The New Standard: A Decision Matrix

"No Firewall" does not mean "No Inspection." It means choosing the right tool for the layer. Here is the framework:

  • Layer 3/4 (Volumetric): Use BGP Flowspec or Router ACLs.
  • Layer 7 (Application): Use WAF (on Load Balancer).
  • Egress (C2 Prevention): Use Stateful Firewalls.
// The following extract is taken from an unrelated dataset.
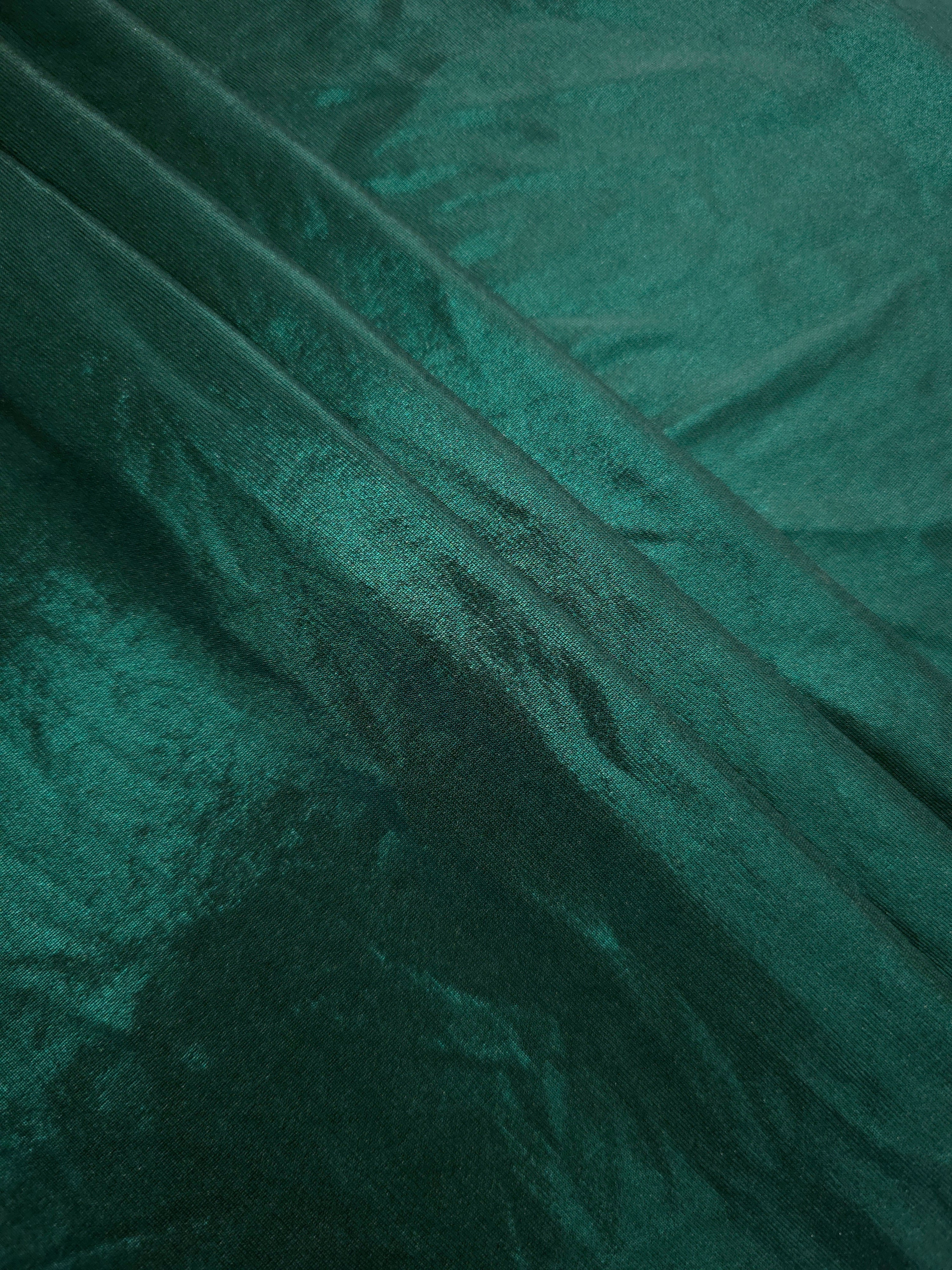 Layered Deep Teal Green shimmer stretch fabric showing metallic foil depth and soft structure for costumes, skirts and fashion apparel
When This Rule DOESN'T Apply

Senior engineering is always about context and not absolutes. There are times when "Firewall First" is still correct:

  1. Small Scale / SME: If your total bandwidth is under 1Gbps and you have 50 users a single Next-Gen Firewall is cost-effective and simpler to manage. Complexity is the enemy here. Of course most of the traffic here is outbound.
  2. Non-Web Protocols: If you are ingesting raw TCP streams (like proprietary IoT protocols) that a WAF cannot understand a stateful firewall is potentially your only line of defense.
  3. Compliance Mandates: Certain strict environments (legacy Gov/Banking) explicitly mandate a "Firewall" at the edge. In this case, you comply but you oversize that box significantly or place it in "Transparent Mode".

The Verdict

Stop treating the firewall as a magic security blanket. Ingress: Use Load Balancers to survive the flood. Use WAFs to inspect the payload. Egress: Use Firewalls to stop the exfiltration.